* Task requirements:
Produce a word-for-word copy of the data that follows, excluding images.

* Data below:
========================================
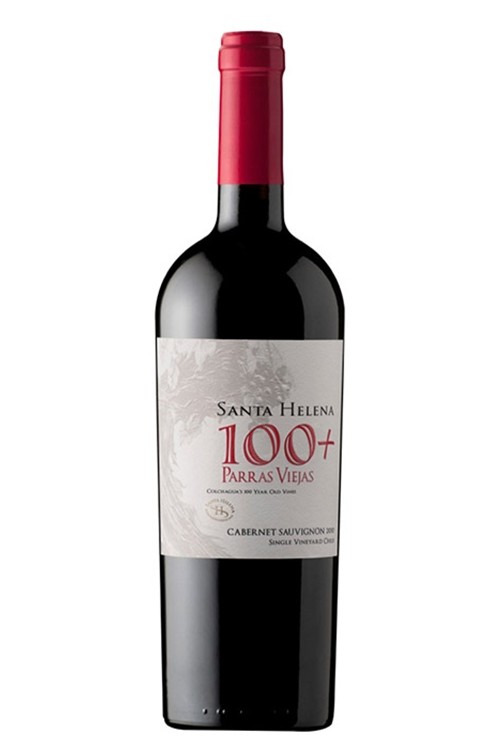 Santa Helena Parras Viejas Cabernet Sauvignon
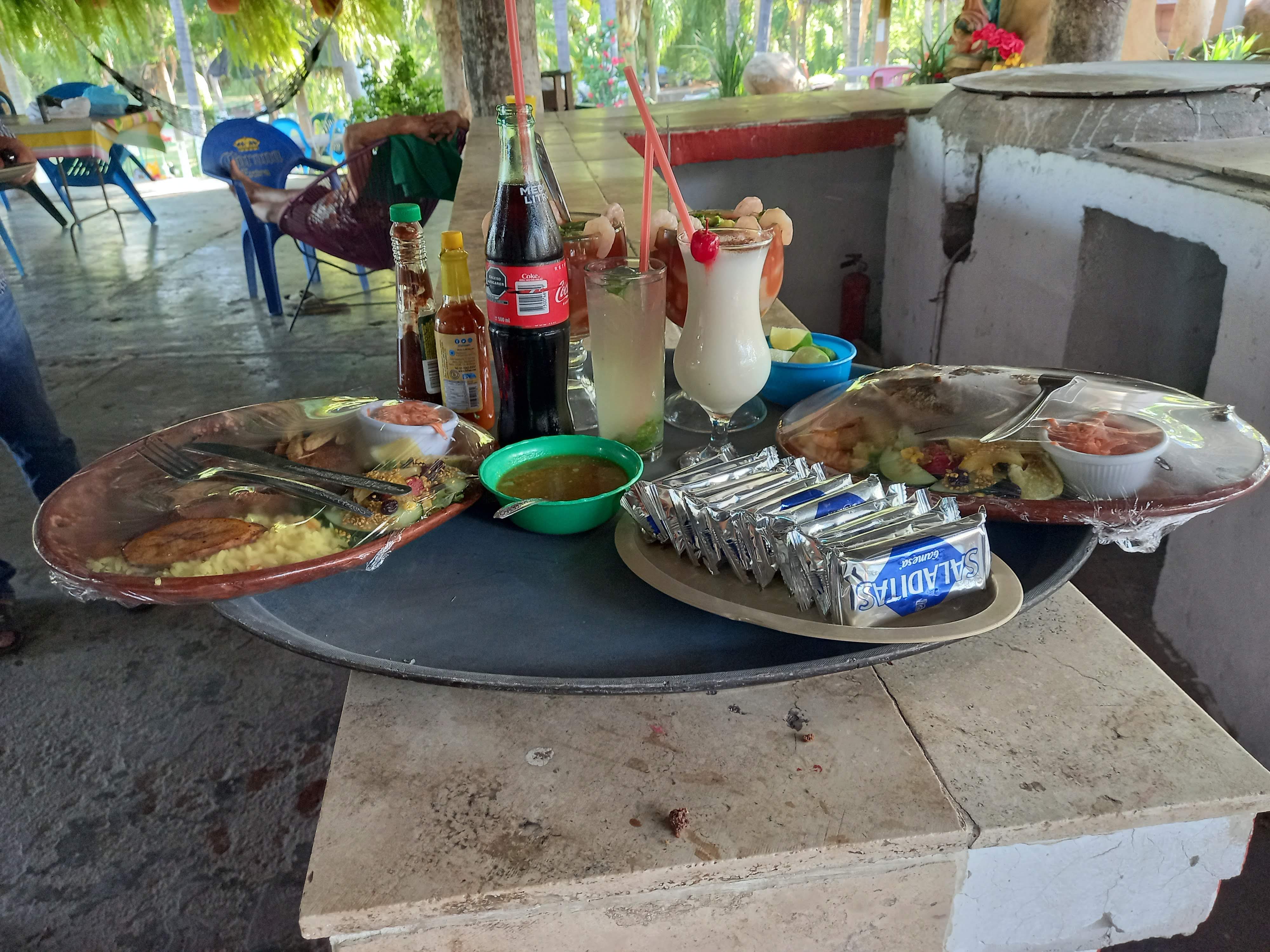 Restaurante Los Cocos image 6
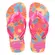 Sand Havaianas Kids Flores - 0027 - Pessego - 23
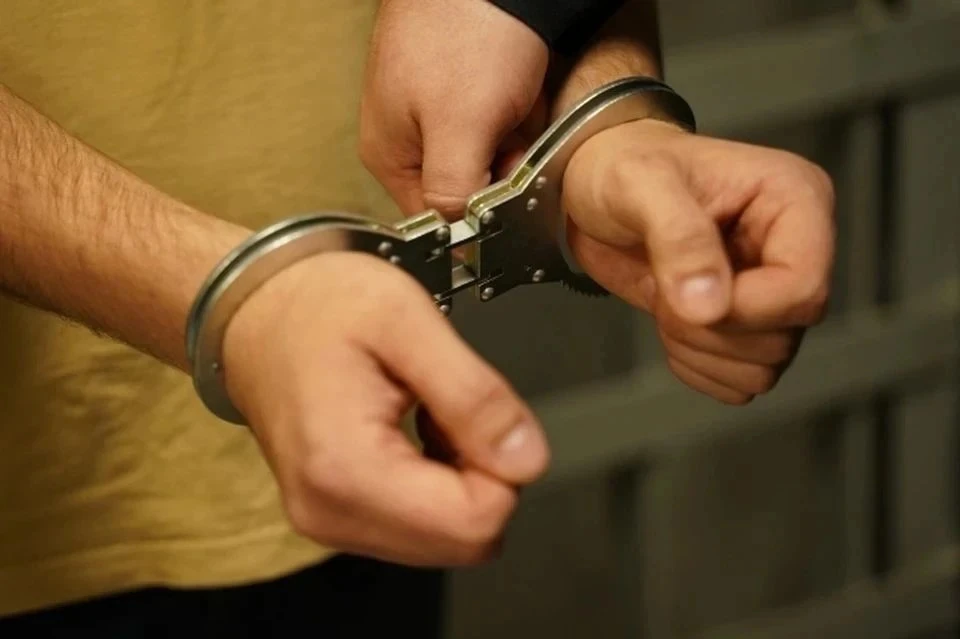 В Москве задержали таксиста, надругавшегося над 13-летней пассажиркой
========================================
* Result for this task:
 Santa Helena Parras Viejas Cabernet Sauvignon
 Restaurante Los Cocos image 6
 Sand Havaianas Kids Flores - 0027 - Pessego - 23
 В Москве задержали таксиста, надругавшегося над 13-летней пассажиркой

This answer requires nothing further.